Le rapport à la sexualité est aussi genré. "Ils se vexent facilement dès qu’on remet en cause leurs performances sexuelles. Une fois, un camarade m’a dit qu’une fille avait fait l’étoile de mer, que c’était nul. Je lui ai répondu que c'était peut-être le signe qu'elle n’avait pas envie, et que s'il l'avait quand même fait, c'était un viol. Après ça, il ne m’a plus jamais parlé", témoigne l'étudiante.
Une société très genrée
La sociologue Marie Buscatto observe un paradoxe dans notre société contemporaine. "D'un côté, la volonté d'œuvrer pour l'égalité et de protéger les minorités de genre est de plus en plus présente, notamment depuis le mouvement #MeToo. De l'autre côté, nous vivons encore dans une société encore extrêmement genrée, avec une éducation très hétéronormée."
À l'école et dans les familles, on demande aux filles d’être douces, gentilles, patientes, modestes, et de ne pas prendre de place. A contrario, on apprend aux garçons à s’affirmer, à prendre leur place, à être conquérant et à protéger les filles. Sur ce point, la société n’a pas fondamentalement évolué", souligne Marie Buscatto.
Les enfants intègrent ainsi que les garçons et les filles sont différents et ils apprennent à se comporter de manière sexiste, sans en avoir conscience. Une "ségrégation genrée" qui se retrouve ensuite dans le monde du travail, à travers par exemple la dévalorisation des métiers féminins.

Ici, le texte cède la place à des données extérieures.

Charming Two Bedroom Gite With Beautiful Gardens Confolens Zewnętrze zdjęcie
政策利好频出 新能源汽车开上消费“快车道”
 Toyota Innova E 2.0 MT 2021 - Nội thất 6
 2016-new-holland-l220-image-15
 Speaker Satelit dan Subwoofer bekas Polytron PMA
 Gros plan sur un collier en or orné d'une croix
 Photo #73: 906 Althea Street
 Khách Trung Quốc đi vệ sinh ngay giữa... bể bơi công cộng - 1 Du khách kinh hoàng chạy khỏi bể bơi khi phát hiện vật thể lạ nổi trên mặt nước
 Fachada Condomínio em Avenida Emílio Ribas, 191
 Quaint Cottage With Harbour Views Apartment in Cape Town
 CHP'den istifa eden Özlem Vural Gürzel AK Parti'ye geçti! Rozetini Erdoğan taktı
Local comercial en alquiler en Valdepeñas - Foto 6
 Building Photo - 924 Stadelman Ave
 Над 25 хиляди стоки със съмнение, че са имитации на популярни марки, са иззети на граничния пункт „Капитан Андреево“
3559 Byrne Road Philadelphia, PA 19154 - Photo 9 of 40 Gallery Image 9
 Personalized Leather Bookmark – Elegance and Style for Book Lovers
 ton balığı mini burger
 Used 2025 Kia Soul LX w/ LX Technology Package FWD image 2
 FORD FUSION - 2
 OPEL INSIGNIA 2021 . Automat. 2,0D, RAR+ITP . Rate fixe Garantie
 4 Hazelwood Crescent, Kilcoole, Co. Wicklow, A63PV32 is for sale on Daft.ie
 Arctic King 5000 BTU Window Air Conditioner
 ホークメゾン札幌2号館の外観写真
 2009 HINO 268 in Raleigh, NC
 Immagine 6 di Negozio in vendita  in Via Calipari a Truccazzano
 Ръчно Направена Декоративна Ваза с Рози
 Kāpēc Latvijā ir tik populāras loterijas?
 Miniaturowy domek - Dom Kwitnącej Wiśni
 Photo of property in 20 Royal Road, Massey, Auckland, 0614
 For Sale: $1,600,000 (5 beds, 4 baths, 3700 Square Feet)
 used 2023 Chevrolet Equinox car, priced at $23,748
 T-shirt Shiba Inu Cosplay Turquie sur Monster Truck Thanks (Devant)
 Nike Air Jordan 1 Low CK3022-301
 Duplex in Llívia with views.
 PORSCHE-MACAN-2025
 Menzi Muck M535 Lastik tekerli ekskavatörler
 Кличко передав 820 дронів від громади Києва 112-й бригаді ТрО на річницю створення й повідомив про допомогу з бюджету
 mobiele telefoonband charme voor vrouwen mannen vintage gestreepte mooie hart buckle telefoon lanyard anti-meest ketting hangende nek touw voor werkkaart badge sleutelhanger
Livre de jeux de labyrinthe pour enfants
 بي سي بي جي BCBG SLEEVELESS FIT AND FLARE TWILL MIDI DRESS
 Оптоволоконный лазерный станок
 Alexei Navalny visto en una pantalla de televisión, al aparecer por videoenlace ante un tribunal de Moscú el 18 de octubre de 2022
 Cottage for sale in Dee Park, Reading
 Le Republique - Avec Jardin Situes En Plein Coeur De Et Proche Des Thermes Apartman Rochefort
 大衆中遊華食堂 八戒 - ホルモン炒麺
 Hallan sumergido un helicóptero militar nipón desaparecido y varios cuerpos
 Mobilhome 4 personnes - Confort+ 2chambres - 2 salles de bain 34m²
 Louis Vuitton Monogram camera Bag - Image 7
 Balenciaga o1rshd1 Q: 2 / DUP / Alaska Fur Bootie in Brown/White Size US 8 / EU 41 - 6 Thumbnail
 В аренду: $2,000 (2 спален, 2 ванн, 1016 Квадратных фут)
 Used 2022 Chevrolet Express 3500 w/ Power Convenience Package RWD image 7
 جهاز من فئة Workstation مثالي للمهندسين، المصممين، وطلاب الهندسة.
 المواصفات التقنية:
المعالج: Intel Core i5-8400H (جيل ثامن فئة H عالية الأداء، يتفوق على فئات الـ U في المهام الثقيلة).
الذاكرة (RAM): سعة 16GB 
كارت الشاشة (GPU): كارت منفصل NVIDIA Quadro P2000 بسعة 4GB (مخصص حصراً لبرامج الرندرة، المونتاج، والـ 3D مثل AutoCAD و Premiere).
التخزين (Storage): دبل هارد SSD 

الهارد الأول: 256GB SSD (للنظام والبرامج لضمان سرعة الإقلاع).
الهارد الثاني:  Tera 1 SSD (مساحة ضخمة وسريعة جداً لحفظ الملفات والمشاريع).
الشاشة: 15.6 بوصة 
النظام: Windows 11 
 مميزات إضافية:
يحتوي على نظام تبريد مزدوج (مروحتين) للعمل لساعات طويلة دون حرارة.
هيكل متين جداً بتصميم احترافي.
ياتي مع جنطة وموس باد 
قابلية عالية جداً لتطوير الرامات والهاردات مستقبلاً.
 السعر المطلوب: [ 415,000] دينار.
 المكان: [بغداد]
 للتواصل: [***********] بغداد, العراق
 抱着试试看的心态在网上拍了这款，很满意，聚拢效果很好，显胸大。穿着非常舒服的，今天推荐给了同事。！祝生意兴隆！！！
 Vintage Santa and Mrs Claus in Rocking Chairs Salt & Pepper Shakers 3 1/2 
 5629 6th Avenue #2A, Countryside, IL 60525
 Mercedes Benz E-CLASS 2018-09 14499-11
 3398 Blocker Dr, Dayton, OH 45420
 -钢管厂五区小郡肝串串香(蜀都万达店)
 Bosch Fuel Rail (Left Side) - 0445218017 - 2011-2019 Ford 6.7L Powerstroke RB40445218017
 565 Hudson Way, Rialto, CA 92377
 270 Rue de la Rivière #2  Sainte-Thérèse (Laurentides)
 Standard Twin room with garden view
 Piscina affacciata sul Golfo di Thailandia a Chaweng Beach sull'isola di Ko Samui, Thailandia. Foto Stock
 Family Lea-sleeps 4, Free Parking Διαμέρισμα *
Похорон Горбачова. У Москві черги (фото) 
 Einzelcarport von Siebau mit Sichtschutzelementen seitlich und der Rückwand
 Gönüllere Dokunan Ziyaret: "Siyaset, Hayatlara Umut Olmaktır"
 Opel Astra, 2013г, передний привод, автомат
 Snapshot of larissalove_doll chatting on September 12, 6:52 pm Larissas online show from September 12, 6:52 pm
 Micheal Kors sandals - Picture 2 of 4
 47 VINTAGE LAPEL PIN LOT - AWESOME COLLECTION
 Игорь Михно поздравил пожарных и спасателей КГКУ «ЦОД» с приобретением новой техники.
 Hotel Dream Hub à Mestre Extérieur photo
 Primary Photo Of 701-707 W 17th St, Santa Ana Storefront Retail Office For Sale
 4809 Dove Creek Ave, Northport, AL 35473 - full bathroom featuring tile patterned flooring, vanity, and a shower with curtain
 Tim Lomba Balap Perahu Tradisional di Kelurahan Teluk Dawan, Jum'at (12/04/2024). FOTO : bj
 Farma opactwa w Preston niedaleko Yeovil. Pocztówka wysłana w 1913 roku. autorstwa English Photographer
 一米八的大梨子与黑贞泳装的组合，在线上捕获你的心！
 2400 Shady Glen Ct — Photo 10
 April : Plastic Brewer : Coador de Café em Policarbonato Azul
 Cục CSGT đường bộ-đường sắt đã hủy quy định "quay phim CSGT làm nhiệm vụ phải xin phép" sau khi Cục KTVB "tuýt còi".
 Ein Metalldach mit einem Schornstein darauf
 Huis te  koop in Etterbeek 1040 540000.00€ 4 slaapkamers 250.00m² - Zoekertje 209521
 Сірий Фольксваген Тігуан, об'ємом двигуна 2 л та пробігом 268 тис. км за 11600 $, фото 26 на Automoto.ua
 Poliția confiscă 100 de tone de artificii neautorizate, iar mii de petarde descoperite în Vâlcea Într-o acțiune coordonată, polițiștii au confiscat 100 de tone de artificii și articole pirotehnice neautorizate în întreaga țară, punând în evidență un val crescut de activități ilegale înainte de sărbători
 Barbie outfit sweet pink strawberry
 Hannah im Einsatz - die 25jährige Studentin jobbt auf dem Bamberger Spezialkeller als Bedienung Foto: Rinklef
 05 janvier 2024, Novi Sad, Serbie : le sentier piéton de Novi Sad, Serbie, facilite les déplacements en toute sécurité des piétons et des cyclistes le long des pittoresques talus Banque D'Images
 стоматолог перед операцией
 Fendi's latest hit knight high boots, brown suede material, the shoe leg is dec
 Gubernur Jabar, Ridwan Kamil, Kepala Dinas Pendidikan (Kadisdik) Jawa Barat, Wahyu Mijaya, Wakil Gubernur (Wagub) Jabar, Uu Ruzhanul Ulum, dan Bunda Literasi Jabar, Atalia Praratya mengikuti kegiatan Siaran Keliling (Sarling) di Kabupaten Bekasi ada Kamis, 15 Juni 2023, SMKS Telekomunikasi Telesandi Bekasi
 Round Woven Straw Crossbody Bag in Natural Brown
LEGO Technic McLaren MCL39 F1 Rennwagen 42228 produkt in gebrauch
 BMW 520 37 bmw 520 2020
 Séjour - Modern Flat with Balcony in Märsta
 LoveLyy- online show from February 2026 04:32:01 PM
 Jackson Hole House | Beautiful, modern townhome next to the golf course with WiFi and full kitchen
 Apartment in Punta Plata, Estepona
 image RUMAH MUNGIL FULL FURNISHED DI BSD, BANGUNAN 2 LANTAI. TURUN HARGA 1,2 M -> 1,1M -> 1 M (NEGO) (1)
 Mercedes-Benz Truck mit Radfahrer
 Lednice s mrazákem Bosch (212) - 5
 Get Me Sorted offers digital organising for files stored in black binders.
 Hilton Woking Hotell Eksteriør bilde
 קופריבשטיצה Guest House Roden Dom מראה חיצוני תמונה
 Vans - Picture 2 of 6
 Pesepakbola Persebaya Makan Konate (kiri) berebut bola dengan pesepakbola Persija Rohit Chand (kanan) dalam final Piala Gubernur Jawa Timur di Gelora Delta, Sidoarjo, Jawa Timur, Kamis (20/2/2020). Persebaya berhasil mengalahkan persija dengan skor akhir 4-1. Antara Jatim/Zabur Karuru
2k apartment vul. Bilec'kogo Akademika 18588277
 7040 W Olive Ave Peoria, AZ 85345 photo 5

L'éducation pour lutter contre le sexisme
Sortir de ce schéma passera notamment par l'éducation à l'égalité et au sexisme. "Il faut montrer que les remarques dénigrantes, que l'on peut penser anecdotiques, participent à créer une société inégalitaire alors même qu’on n'a pas forcément ces valeurs en soi", explique Marie Buscatto.
Selon le rapport, cette volonté de mettre fin au sexisme est partagée par une majeure partie de la population. "Les Français attendent que les responsables politiques agissent contre le sexisme, notamment en instaurant enfin les cours à l’éducation à la vie affective, relationnelle et sexuelle, qu’ils plébiscitent largement", conclut Bérangère Couillard.